=== Section Start ===
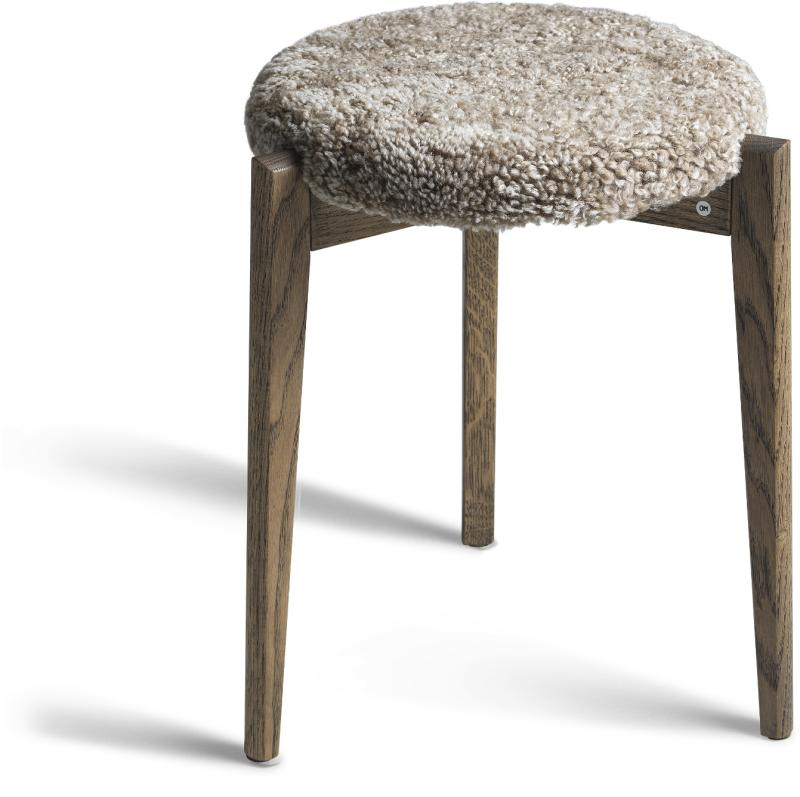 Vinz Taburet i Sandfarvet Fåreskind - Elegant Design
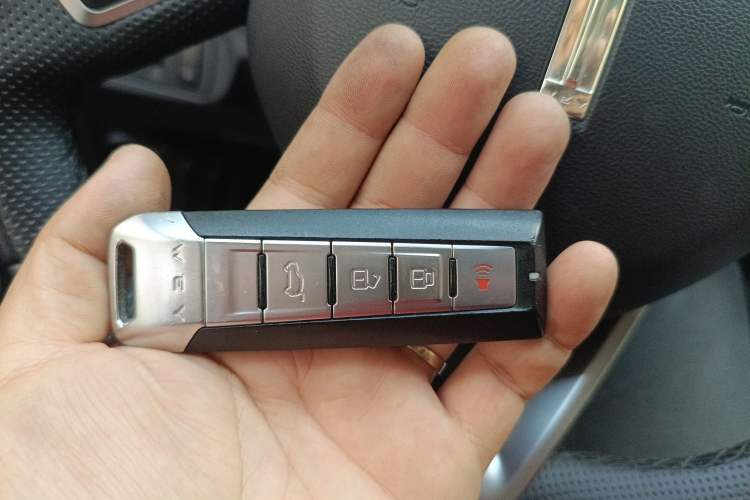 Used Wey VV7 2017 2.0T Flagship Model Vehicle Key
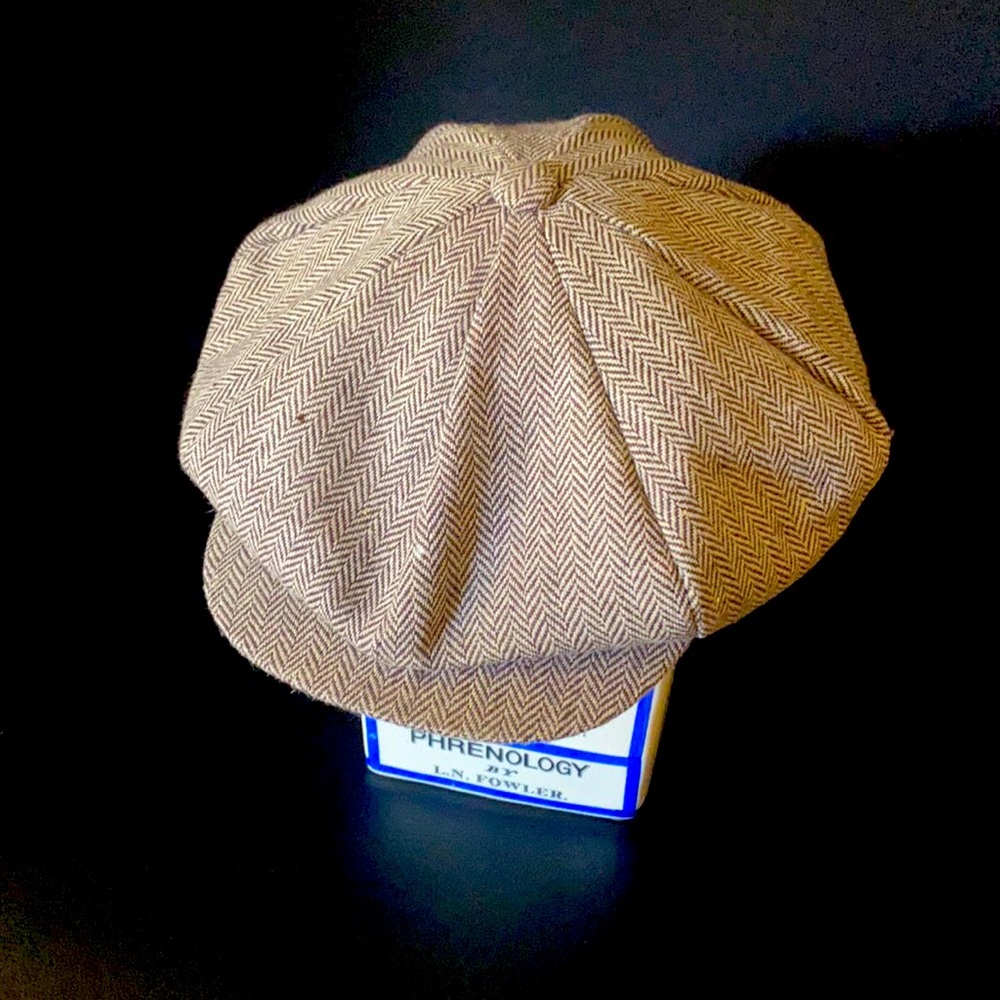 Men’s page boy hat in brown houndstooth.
=== Section End ===
=== Section Start ===
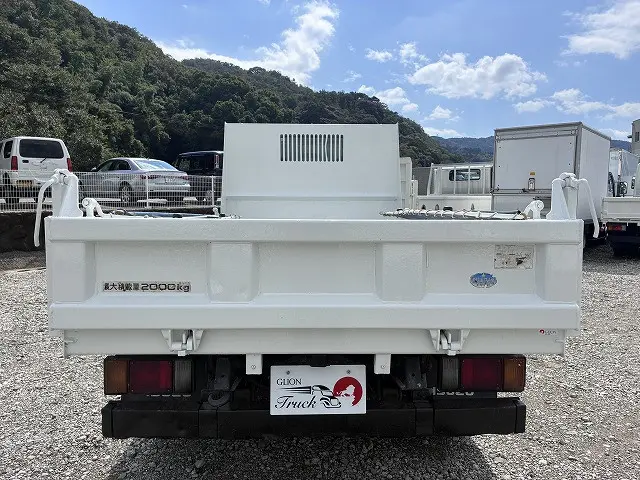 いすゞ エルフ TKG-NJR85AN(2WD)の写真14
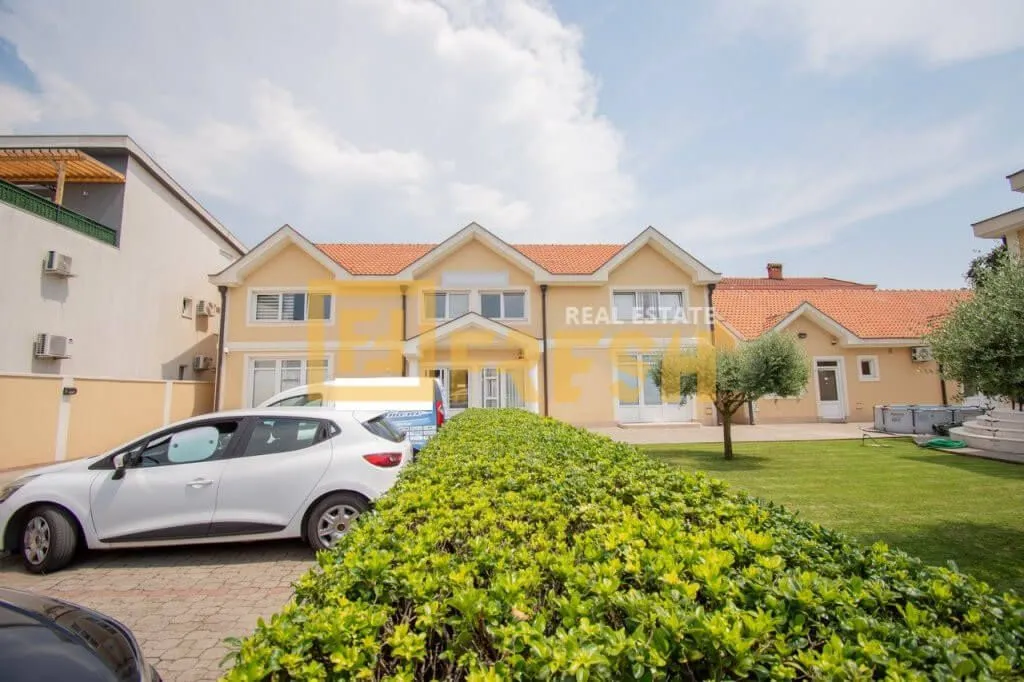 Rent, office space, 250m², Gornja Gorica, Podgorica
=== Section End ===
HOW TO COMPLETE THIS TASK
The output is the stretch above from the line with "Vinz Taburet i" through the line with "Men’s page boy hat in brown houndstooth.", copied word for word with both ends kept and every picture dropped.

ANSWER TO THE EXERCISE
 Vinz Taburet i Sandfarvet Fåreskind - Elegant Design
 Used Wey VV7 2017 2.0T Flagship Model Vehicle Key
 Men’s page boy hat in brown houndstooth.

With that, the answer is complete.